会社には多様な価値観の人材が集まっていて、会社との付き合い方も人それぞれ。その前提に立てば、「会社との距離感が遠い人」も認めざるを得なくなります。

もともと、社内イベントに強制的に参加させられるのは嫌だと考えている人が、一定数いたのでしょう。今はそうした人たちの声が、インターネットやSNSによって見えやすくなっただけだと思っています。

石倉さんご自身も「会社との距離感が遠い人材」だったとのことで、リクルートグループ時代は表彰の登壇が嫌だったとか、キックオフミーティングの後で飲み会に行って盛り上がるメンバーから隠れるように帰っていたというエピソードが書かれています。

また、同書の「『理念への共感』はいらない」という節には、こんなことも書かれています。

理念は重要ですが、「理念に共感している人しか、その会社にいてはいけない」わけではない。

そもそも、理念とは何のためにあるのか。
経営者や役員が意思決定をする際に、決定する指針になったり軸としてブレないようにするためには必要です。

このように書いてあるとひどく安心します(苦笑)。

私自身もずっと「会社との距離感が遠い」人で、求心力を高めるために会社がやっている活動が苦痛でたまらず、なんとかしてすっぽかせないか常に考えてきたし、実際にしばしばすっぽかしてきました。

なんでこんなことを強要するんだろう、みんな嫌にならないんだろうか、これをやらないと会社としてまずいことが起こるんだろうか?などもよく考えました(最近は諦めて考えなくなってますが)。

こうしたある種の価値観の強要は、(大きな)組織にはつきものであり、それが嫌なら辞めればよいという考え方もあるのでしょうし、だから独立しているというフリーランスや士業の方もよく聞きます。

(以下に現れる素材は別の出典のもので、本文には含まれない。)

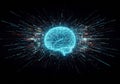 A digital depiction of a brain, created with bright blue circuit-like lines, symbolizing Royalty Free Stock Photo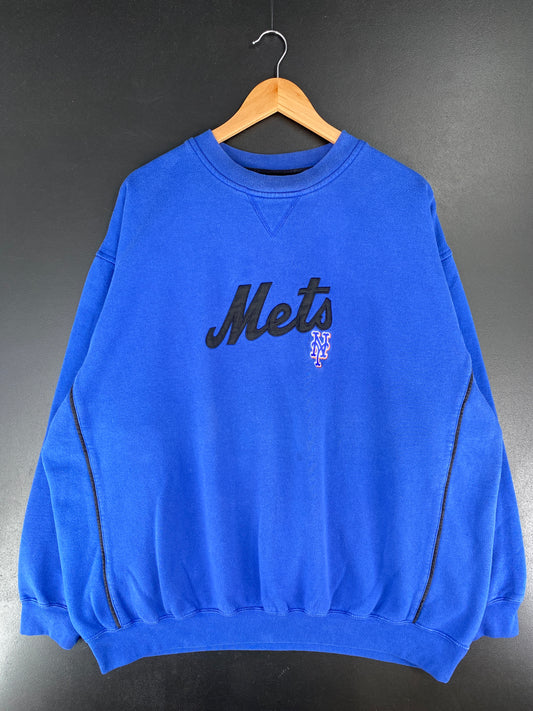 90's NEW YORK METS Made in USA Size Approx.XL Vintage MLB Sweat-shirt / E7607S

でも私はやっぱり組織の中にいたい。だから初職を去って12年してから、そして特許事務所に6年くらいいてこうしたこととはほぼ無縁に過ごしていたのに、自ら求めてまた会社組織に舞い戻ってきたのです。

私がなぜ(この)会社にいるのか。

外部人材として関わるよりも会社の中の人であった方が「当事者」として関わることができ、その方が私にとっては断然面白いから。加えて、ここには解決すべき問題や、整理すべき混沌がたっぷりあって、それを捌いていくのが面白いから。

会社が従業員に対する姿勢は受け入れがたいところがまま(結構多く)あるけれど、上記の「いる理由」と天秤にかけて傾くほど耐え難くはないから(多分)。そして、それなりにポジションが上がって自分のできることが広がった結果、これらを変えていくように働きかける機会も増えたし、自分の権限が及ぶ範囲の中でなら、役割を果たすことだけを求めるやり方が可能になっているから。

人が会社にいる理由は人それぞれだと本当に思うので、その中で苦痛なく役割が果たせるように環境を整え、声を上げやすくして行きたいよな、と。

そして願わくば、もう少し私自身の声も上げることで会社全体にそうした環境が広げられるといいな、と。